Final do século e todo século XX, o diálogo interdisciplinar
intensificou-se: insight da sociologia, economia, psicologia, antropologia, demografia, etc. foram incorporados às reflexões de historiadores, contribuindo para um enriquecimento substancial da disciplina de história. Entretanto nas últimas décadas do século XX, o diálogo com a teoria literária vem sendo recebido como ameaça à identidade profissional do historiador. Há a emergência de uma nova sensibilidade social denominada pós-moderna. Que conceito de classe seria mais apropriado para uma pesquisa historiográfica? Que relações podemos estabelecer entre a história das mulheres e o movimento feminista? A História não é muito diferente das demais disciplinas que tomam o ser humano como objeto de estudo, tais como a psicologia, a geografia, a sociologia, etc. Em todas elas encontramos divergências teóricas, conflitos de interpretações. Mas a História é ou não uma ciência? Segundo Linda Orr questionar a cientificidade da História nos dias de hoje equivale a atribuir-lhe um caráter literário do qual ela tem há muito tentado se desvencilhar. Portanto, segundo Orr a literatura constituiria o outro da História, aquilo que ameaça absorvê-la, comprometendo sua especificidade e autonomia. Hayden White sugere que os aspectos literários sejam, em grande parte, responsáveis pelo fascínio que temos pelos clássicos da historiografia. A História, no século XX no intuito de marcar ainda mais fortemente sue distanciamento frente à literatura, buscou modelos teóricos nas ciências sociais, com ênfase nos aspectos quantitativos. Nas últimas décadas do século XX, a forma narrativa de representação da História contribuiu para que muitos autores percebessem que não é possível dissociar o estilo verbal ou a eloqüência retórica do conteúdo semântico na apresentação de suas pesquisas Em função disso, muitos historiadores propunham não só uma maior abertura a novas formas de escrita da História, como também uma incorporação crítica da teoria literária na pesquisa historiográfica.
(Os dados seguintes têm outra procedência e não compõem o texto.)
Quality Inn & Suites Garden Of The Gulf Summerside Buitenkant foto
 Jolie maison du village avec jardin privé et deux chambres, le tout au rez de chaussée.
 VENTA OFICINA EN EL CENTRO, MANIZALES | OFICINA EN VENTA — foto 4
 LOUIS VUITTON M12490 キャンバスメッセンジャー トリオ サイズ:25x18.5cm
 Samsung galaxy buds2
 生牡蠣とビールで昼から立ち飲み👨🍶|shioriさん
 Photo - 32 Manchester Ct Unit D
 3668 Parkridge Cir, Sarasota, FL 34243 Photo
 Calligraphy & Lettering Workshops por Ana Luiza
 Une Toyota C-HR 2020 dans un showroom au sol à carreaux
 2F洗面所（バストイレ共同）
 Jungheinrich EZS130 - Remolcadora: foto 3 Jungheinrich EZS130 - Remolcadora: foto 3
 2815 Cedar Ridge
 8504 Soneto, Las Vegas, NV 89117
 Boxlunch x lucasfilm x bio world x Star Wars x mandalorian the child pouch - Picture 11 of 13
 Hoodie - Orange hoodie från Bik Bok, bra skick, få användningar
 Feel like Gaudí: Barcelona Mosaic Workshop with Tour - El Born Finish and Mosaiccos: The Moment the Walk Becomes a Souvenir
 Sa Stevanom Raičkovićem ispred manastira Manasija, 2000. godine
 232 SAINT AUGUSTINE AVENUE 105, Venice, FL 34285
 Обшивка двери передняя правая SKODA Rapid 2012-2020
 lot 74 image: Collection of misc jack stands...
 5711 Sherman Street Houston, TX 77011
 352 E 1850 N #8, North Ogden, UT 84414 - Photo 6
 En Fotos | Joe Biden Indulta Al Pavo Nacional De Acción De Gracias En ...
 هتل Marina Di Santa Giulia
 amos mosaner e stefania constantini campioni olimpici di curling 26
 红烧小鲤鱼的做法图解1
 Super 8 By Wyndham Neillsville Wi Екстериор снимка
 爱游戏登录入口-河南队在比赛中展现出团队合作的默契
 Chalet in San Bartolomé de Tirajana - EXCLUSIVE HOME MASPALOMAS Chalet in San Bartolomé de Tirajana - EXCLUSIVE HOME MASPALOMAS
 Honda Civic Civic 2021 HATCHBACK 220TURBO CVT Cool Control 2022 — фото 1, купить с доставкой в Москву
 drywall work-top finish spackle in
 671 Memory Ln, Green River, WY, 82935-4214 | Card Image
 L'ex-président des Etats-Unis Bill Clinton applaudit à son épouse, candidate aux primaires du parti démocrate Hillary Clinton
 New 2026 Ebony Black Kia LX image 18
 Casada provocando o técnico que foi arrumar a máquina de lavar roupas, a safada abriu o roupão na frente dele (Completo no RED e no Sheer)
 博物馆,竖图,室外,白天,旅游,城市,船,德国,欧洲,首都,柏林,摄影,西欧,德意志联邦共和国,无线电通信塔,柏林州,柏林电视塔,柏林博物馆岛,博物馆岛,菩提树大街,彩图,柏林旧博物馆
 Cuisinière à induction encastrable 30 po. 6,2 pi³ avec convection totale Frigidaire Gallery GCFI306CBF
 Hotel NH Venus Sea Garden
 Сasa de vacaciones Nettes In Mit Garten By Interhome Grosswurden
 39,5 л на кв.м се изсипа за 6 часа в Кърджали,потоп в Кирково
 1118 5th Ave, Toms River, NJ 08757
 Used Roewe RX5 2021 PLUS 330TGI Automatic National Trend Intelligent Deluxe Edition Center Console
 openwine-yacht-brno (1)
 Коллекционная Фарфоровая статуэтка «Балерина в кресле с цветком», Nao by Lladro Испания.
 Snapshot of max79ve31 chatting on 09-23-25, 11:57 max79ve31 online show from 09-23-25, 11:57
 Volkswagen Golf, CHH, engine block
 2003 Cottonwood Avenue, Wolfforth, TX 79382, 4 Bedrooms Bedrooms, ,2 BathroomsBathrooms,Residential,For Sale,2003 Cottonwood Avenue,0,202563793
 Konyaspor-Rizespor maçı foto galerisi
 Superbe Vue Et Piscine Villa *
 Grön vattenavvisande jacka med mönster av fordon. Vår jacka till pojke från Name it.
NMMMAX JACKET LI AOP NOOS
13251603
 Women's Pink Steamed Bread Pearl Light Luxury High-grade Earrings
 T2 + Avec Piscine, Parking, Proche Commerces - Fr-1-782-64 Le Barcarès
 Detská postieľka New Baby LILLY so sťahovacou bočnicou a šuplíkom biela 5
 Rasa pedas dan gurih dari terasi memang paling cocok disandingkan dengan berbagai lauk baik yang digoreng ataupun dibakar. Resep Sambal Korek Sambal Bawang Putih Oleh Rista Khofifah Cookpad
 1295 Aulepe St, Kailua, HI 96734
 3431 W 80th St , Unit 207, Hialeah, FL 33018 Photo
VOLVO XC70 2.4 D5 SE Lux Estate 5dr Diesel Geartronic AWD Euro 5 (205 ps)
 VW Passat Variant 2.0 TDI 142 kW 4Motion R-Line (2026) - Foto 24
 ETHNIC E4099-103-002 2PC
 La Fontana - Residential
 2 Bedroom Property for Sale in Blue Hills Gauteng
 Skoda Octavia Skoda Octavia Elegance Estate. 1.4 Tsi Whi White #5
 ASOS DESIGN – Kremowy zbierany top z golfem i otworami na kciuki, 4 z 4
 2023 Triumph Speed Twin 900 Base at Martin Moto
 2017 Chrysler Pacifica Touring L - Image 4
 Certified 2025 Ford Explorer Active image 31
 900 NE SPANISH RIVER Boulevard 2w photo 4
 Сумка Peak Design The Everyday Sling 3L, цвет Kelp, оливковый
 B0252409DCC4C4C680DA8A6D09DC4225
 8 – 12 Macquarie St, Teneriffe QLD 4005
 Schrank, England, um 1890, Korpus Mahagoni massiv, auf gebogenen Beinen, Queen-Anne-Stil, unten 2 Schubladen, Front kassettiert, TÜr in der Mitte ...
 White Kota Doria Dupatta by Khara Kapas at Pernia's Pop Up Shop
Estudos teóricos como os de Hayden White, Paul Ricoeur e
Dominick LaCapra, questionavam os critérios para demarcação das fronteiras disciplinares e buscavam, na teoria literária e na lingüística, insights a partir dos quais fosse possível pensar novas formas de conduzir a pesquisa historiográfica. Uma das teses de White é a de que o valor de um trabalho de historiografia não se deve somente aos procedimentos metodológicos que o nortearam, mas depende também de dimensões pré-figurativas da linguagem. Nas reflexões de Pau Ricoeur, a História não pode abrir mão do tempo, sob pena de perder a sua historicidade e confundir-se com as demais ciências com as quais dialoga, isto é, economia, sociologia, etc. Devido ao seu caráter essencialmente aporético, o tempo não pode ser trabalhado de modo especulativo. Portanto, a História para que permaneça histórica precisa referir-se ao tempo, mas só pode fazê-lo obliquamente resolvendo as aporias de temporalidade de forma poética. Ricoeur chama de intencionalidade histórica a referência ao tempo, implícita no discurso historiográfico. Entretanto, não chega a negar a distinção entre o discurso literário e o discurso historiográfico, porém, identifica um parentesco, ainda que indireto, entre a historiografia e a narrativa de ficção. Diferentemente de White e Ricoeur, LaCapra enfatiza, nos textos que estuda, as “vozes” de contestação que solapam toda tentativa de interpretação visando à apreensão de um significado estável e absolutamente coerente. As vozes de que fala LaCapra teriam implicações para a condução da vida política e social, inclusive a vida dentro das disciplinas acadêmicas. A crítica que LaCapra faz aos historiadores e em especial àqueles vinculados à História social, refere-se ao fato de que estes, em geral, revelam uma propensão a reduzir textos complexos em status de documentos. Textos complexos são aqueles que fazem parte do cânone erudito, como as grandes obras da literatura e da filosofia, acabam recebendo um tratamento reducionista por parte do historiador. Para LaCapra a mistura de gêneros não seria uma coisa necessariamente ruim, pois, na cultura se começa com o híbrido, e os gêneros puros ou disciplinas são o resultado de procedimentos de exclusão, e suspeitos tanto em termos intelectuais quanto sócio-políticos.